Jesus carried our sins to the cross and there He felt the eternal wrath of His Father for every sin that you and I have done or will ever do. As He hung naked, Jesus felt the pain and shame of our hidden sins as surely as He felt the nails in His feet and hands or the crown of thorns digging into His brow. “His blood is on us and on our children.” How true. We are the crowd. We are lying Pilate who thought he could fool God with by washing his guilt away with plain water.
But we are also saved, because Jesus died for that crowd and for us and our children. We are saved, forgiven, not by anything we do, but by what Jesus did. He became sin for us, so that we might be righteous through Him, through faith in His atoning death for us. He bought us back, lost and condemned people, purchased and won us and our children from all sins, from death, and from the power of the devil; not with gold or silver, but with His holy, precious blood and with His innocent suffering and death. (Small Catechism, explanation of second article of the Creed).

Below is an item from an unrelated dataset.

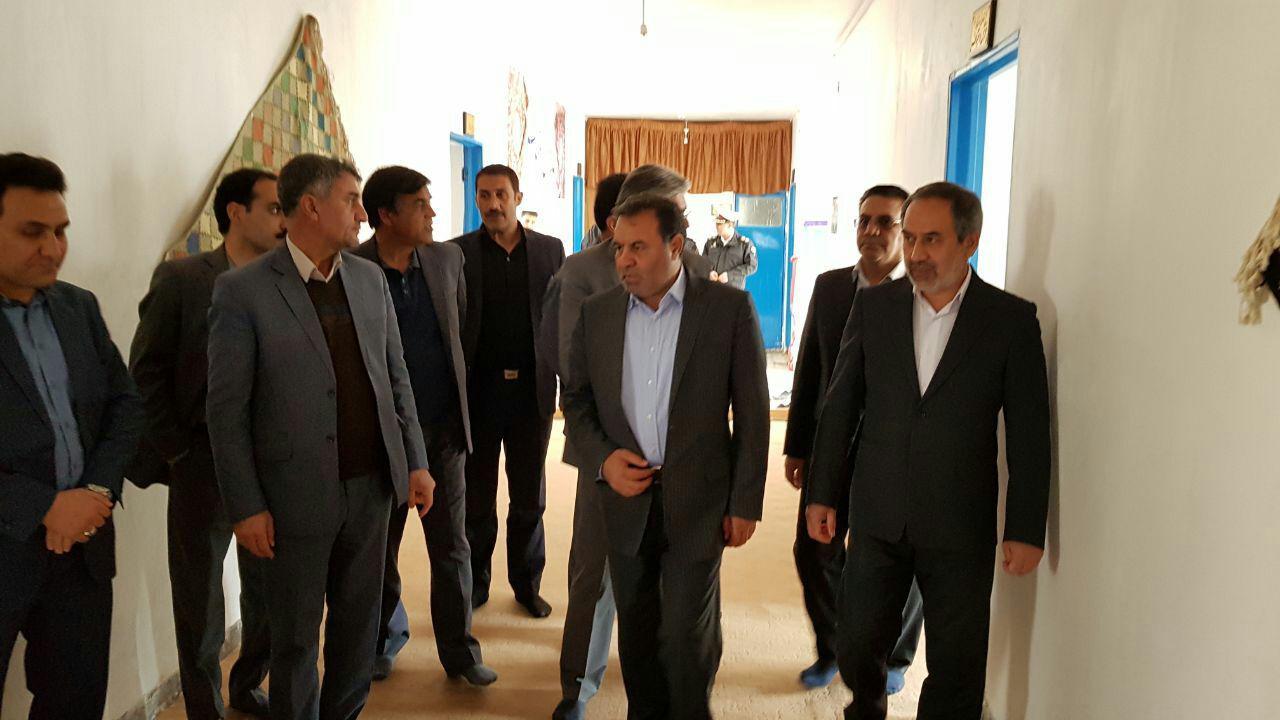 گزارش تصویری سفر استاندار لرستان به دورود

His shed blood, His death for the sins of the world, not just the Jews, be upon us and our children, for it opens the gates to the Heavenly Jerusalem that we and our children may enter. We enter with Jesus through faith, the faith we received when we heard the Word of God, when we were baptized, when we were given the white robes of righteousness, Jesus’ righteousness, robes washed in the blood of the Lamb, the Lamb of God, the King of Kings.
The crowd who called to have Jesus’ blood on them didn’t know what they were saying. They meant it for evil, but God used it for good, as He does with all things for those who love Him and are called according to His purpose. God accepted Jesus’ offer of His blood for ours and raised Jesus from the dead, to confirm that sacrifice, and to ensure our salvation to eternal life. Now the blood of Christ is a life giving blood for all who believe, applied to us in the waters of Baptism and in the Sacrament of the Altar where we receive it truly in and with the wine for the forgiveness of sins.

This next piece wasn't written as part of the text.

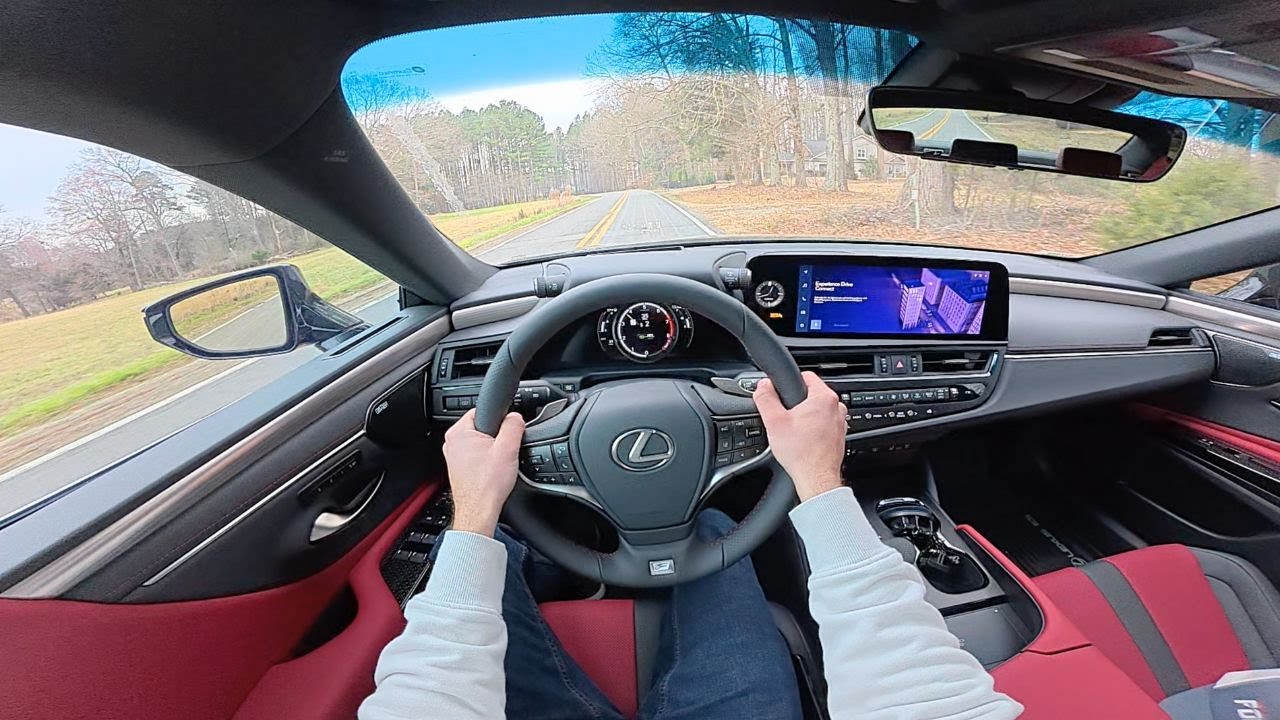 2025 Lexus ES350 F Sport: Drive & Walkaround 🚗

We receive all the gifts won for us by Jesus’ blood by faith. When we repent of our sins and stop pretending that our guilt is washed away by giving into the pressure of the crowd, we see, instead of a shamed man on a cross, our Savior, our substitute, our Lamb, our King, given up to death for us, so that we don’t have to die eternally. We believe the promises He gave us, that whoever believes in Him shall not perish, but have eternal life.

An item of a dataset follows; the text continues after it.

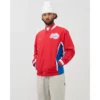 Toni Conn Los Angeles Clippers Red Bomber Jacket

So as we begin Holy Week let us look at our Jewish and Muslim and atheist brothers and sisters, and all unbelievers, and pray that the Holy Spirit would work faith in Jesus Christ in them through the hearing of the Word of the Gospel and through Baptism. May they come to know the joy that Jesus’ blood is truly upon them and their children, no longer in guilt, but in the forgiveness won for them on the cross. Let us pray that they will someday join with us in proclaiming. “Hosanna, hosanna, blessed is He that comes in the name of the Lord!” Amen.